Öte yandan Türkiye’de ilk Genel Yayın Yönetmeni olan Gurbetelli Ersöz’ün yaşamını yitirdiği tarih olan 7 Ekim, 2014 yılında Kürt Kadın Gazeteciler Günü olarak ilan eden kadınlar, çalışmalarını bir adım daha ileriye taşıyarak 2017 yılında Amed’te Mezopotamya Kadın Gazeteciler Platformu’nu (MKGP) kurdu. Bununla da yetinmeyen kadınlar, görsel olarak da kadınların sesini yansıtmak amacıyla 9 Ocak 2018’de JIN TV’yi kurdu. 8 Mart Dünya Kadınlar Günü’nde ilk test yayınına başlayan televizyon, 30 Haziran’da da normal yayına geçti. Bu yıl kazanımlara birini daha ekleyen kadın gazeteciler, 7 Ekim’de Mezopotamya Kadın Gazeteciler Derneği’nin (MKG) açılışını gerçekleştirdi.
JINNEWS Haber Müdürü Safiye Alağaş ile kadın gazetecilerin mücadelesini konuştuk.
‘KADIN MAGAZİNLEŞTİRİLİYOR’
Kadınların gazetelerde daha çok üçüncü sayfa haberleri olarak görüldüğünü belirten Alağaş, bu görme halinin de kadına yönelik şiddeti magazinleştirdiğini söyledi. Alağaş, “Kadın adeta magazinleştirilip, ‘nasıl, hangi araçla, neden öldürüldü’ şeklinde veriliyor. Eğer sen katliamı yapılan araçla gösterirsen yol göstermiş olursun. Pornografik ya da magazinsel bir şekilde yansıtılan haberlerle şiddete meyilli şahıslar için davetiye çıkarmış olursunuz” dedi.

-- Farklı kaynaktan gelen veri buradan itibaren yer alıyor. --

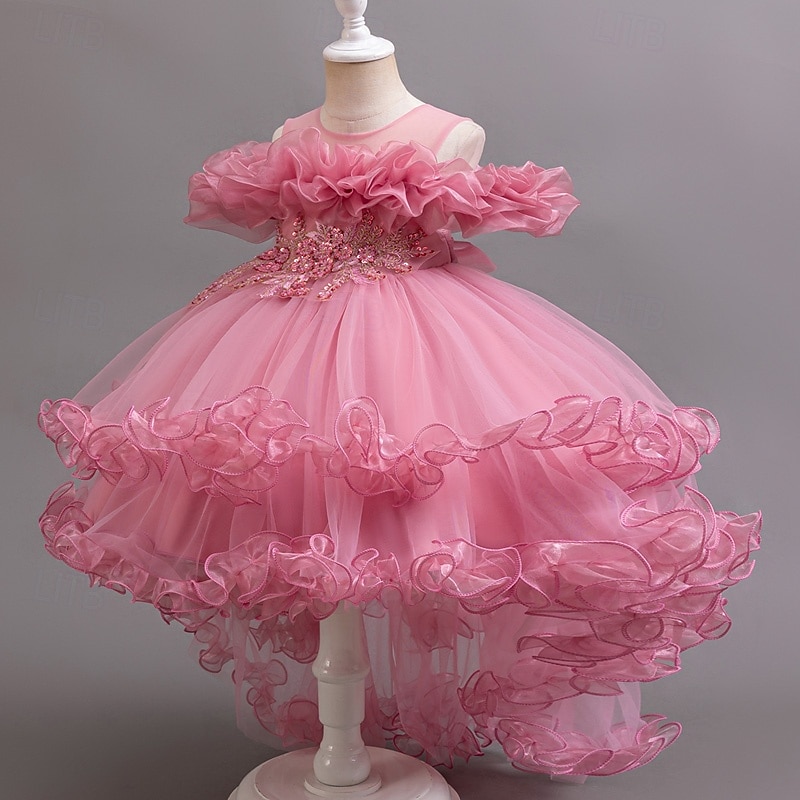 Flower Girl Dress Girls' Formal Dress Princess Dress Party Dress Wedding Special Occasion Adorable Sweet Ruched Zipper Solid Color Short Sleeve Crew Neck White Champagne 4-13 Years4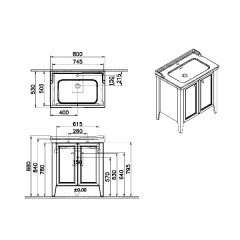 Vitra Valarte Neo 65805 Lavabo Dolabı 80 Cm, Kapaklı, Etajerli Lavabolu, Tek Armatür Delikli, Retro Yeşil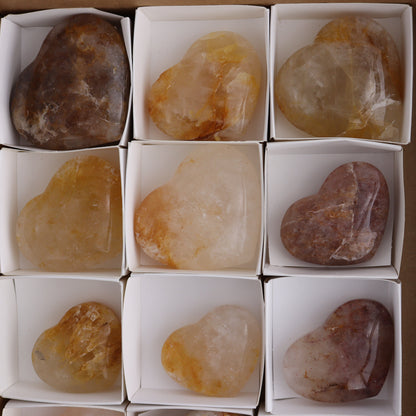 Golden Healer Hearts Set of 12 - Expert Wholesale and Supplier of Wholesale Crystals & Bulk Gemstones, ["Brazil","Golden Healer","Hearts"]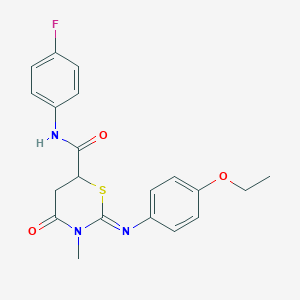 (2Z)-2-[(4-ethoxyphenyl)imino]-N-(4-fluorophenyl)-3-methyl-4-oxo-1,3-thiazinane-6-carboxamide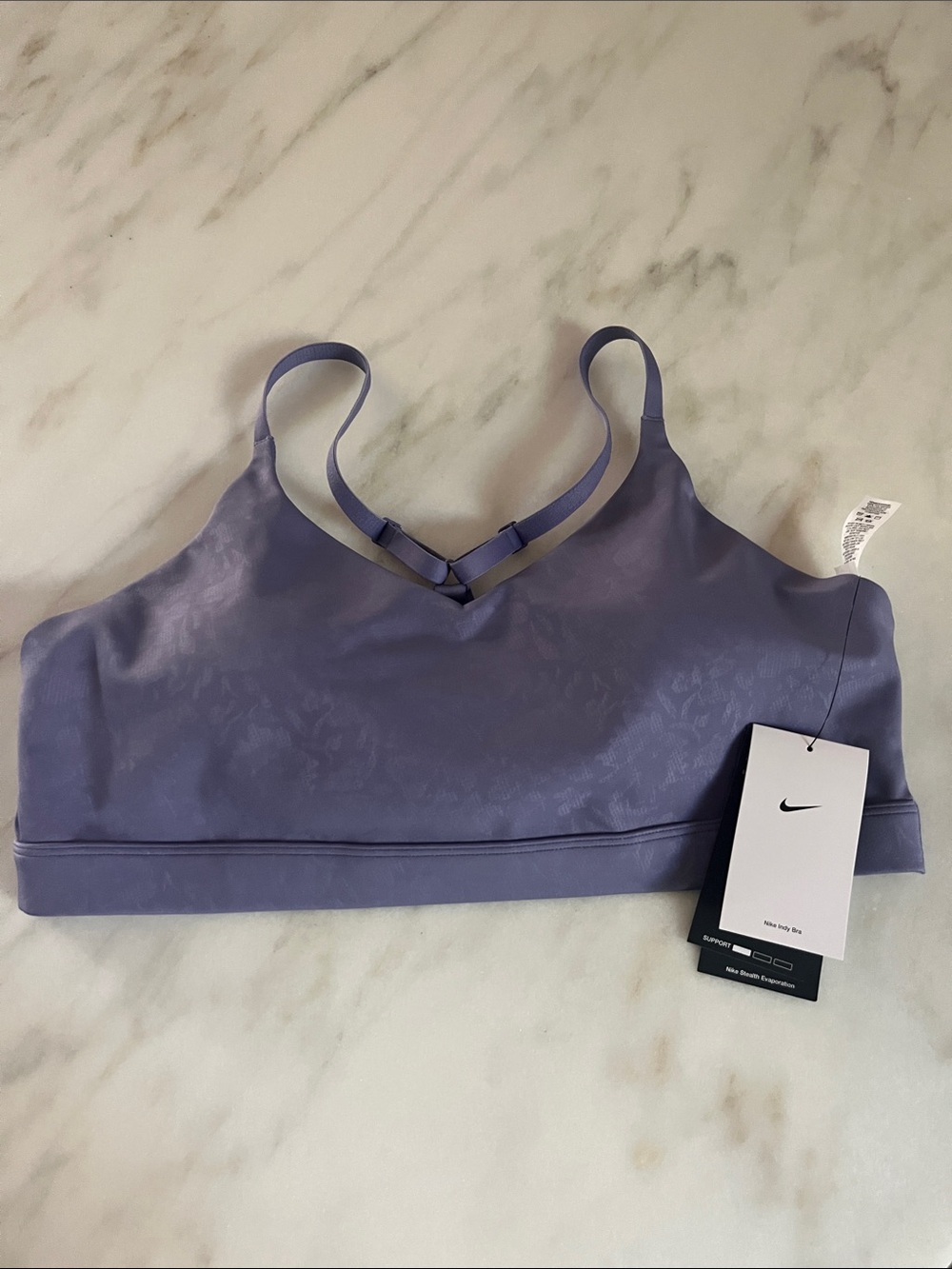 Nike Lavender Strappy Light Support Sports Bra, Nike Indy Bra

Kadın gazetecilerin mücadele ve müdahalesiyle bakış açısında kısmen bir kırılma olduğunu söyleyen Alağaş, “Erkek zihniyeti kadının kimliğini kabul etmiyor ya da yoldaşı gibi görmüyor. Nasıl doğayı, canlıyı etkisi altına almak istiyorsa aynı şekilde kadını da kendi tahakkümüne almak istiyor. Bununla da iktidarını sürdürmek istiyor” diye belirtti.
DÜNYANIN İLK KADIN HABER AJANSI
Özgür Basın’ın mücadelesine değinen Alağaş, şöyle dedi: “Özgür Basın’ın kat ettiği yol da kolay olmadı. Başlarda kullanılan dille ilgili birçok sorun yaşandı, günlerce tartışıldı. Aslında bunun nedenleri arasında içinde bulunduğumuz eril zihniyetin etkisi vardı. O dönem her ne kadar bir çaba içerisinde olunsa da kadınların kendine has bir dili ve rengi yoktu, bunun olması gerekliliği üzerinden 2012’de JINHA’yı kurduk. Böylece dünyada ilk olan kadın ajansı yayın hayatına başlamış oldu.”

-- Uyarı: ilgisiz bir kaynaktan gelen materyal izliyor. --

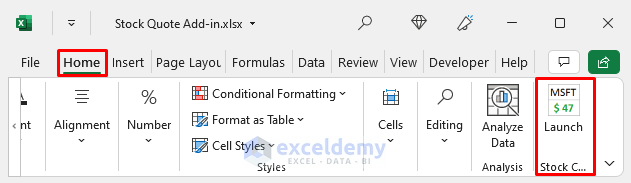 Stock Quote Add-in for Excel
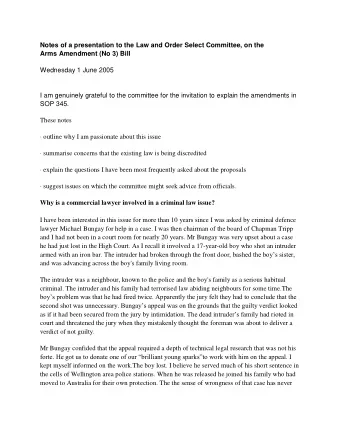 Notes of a presentation to the Law and Order Select Committee, on the Arms Amendment (No 3) Bill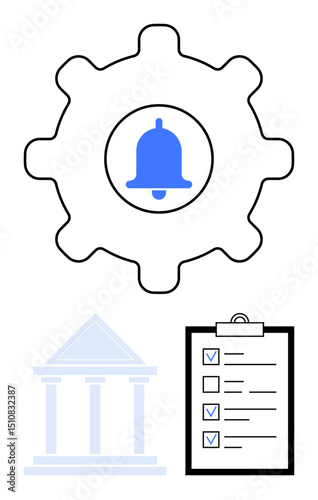 Notification bell inside gear symbolizing operation setup, checklist representing tasks, and institution icon. Ideal for workflow, task management, organization, settings, alerts, compliance simple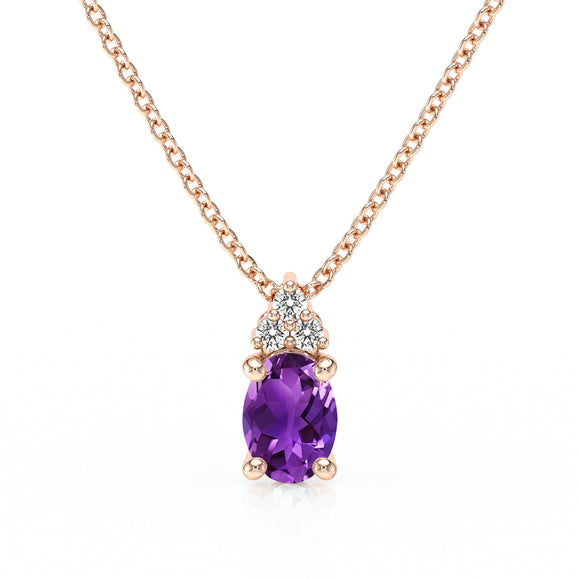 Pendentif améthyste et diamant Coucher de Soleil - 5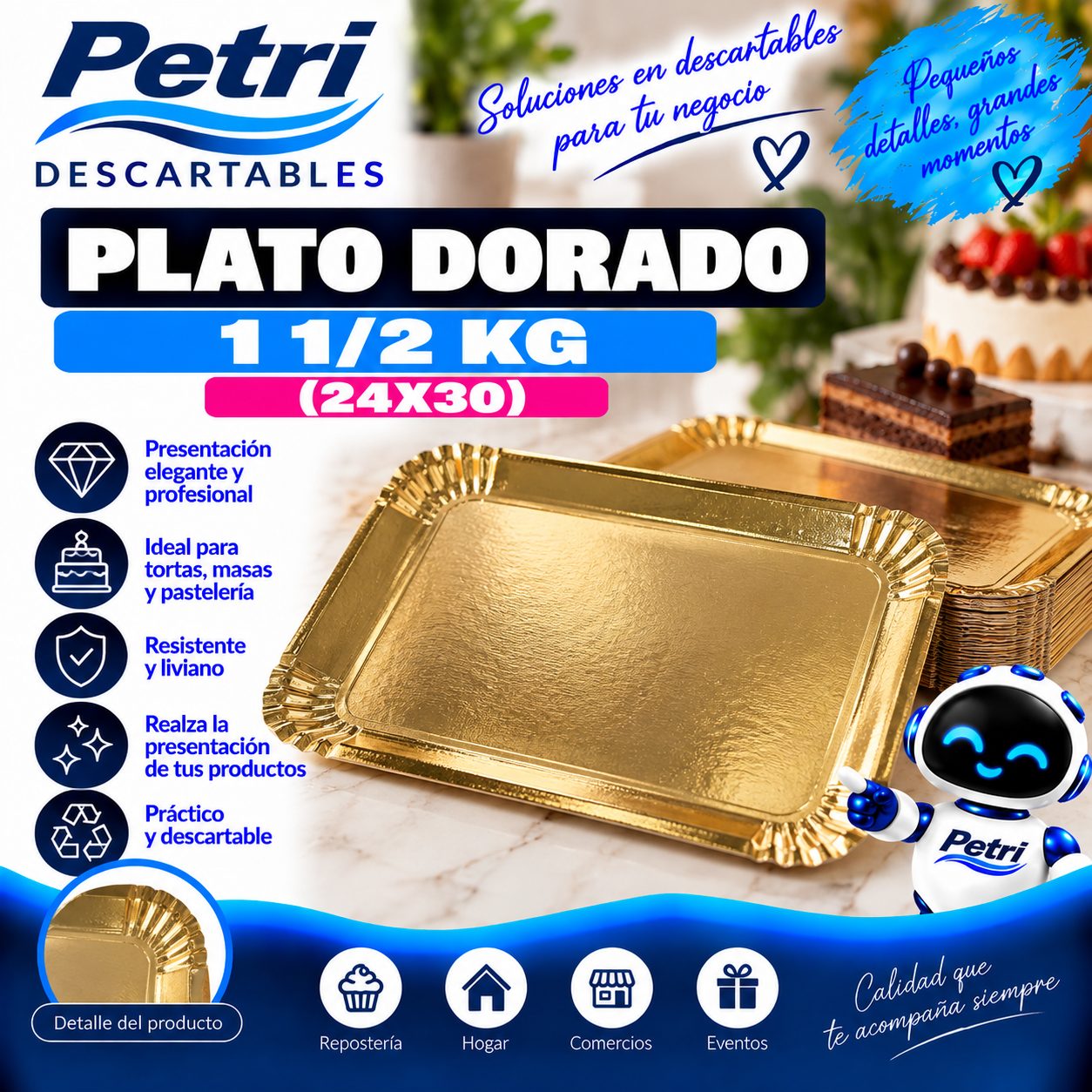PLATO DORADO 1 1/2 KG (24X30)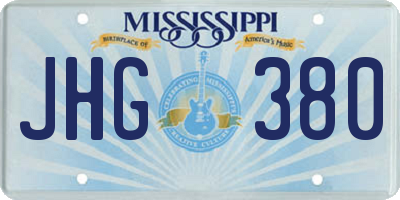 MS license plate JHG380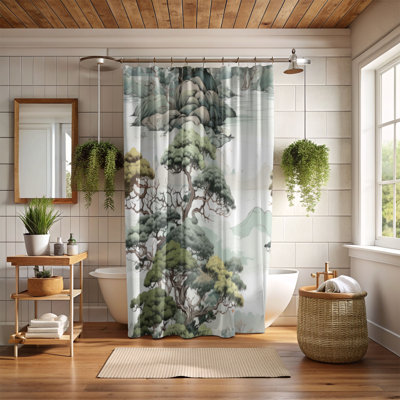 Asian Habitat - Premium Shower Curtain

Baskı, gözaltı, tutuklama ve engelleme ve kapatmalara karşı medyadaki erilliği tamamen değiştirme hedefiyle yollarına devam ettiklerini vurgulayan Alağaş, “Eril ve cinsiyetçi dili kullanmıyor, kadının katledilmesinin ya da tecavüze uğramasının yol ve yöntemini göstermiyor, kadını güçlü göstermeye çalışıyoruz. Kadının iğne ucu kadar bir direnişi, iradesi varsa onu ön plana çıkarıyoruz. Eğer bir insan kendini koruyamıyorsa sebebi iradesi veya güçsüzlüğü değildir, eril zihniyetin çok gaddar olmasından kaynaklıdır. Bu yönüyle kadın haberciliği yapıyoruz. Bizler kadın ajansı olarak dünyaya örnek olduk. Kadın haberciliğinde de dilin değişimi bir günde gerçekleşmedi. Yılların verdiği mücadele sayesinde, 90’lardan bu yana Gurbetelli Ersöz ve daha öncesinde bu yönde çalışmalar yürütenlerin mirası yol gösterdi. Birçok değerli kadın bu temeli oluşturdu. Bizler de bunun üzerinden mücadelemizi sürdürüyoruz” diye belirtti.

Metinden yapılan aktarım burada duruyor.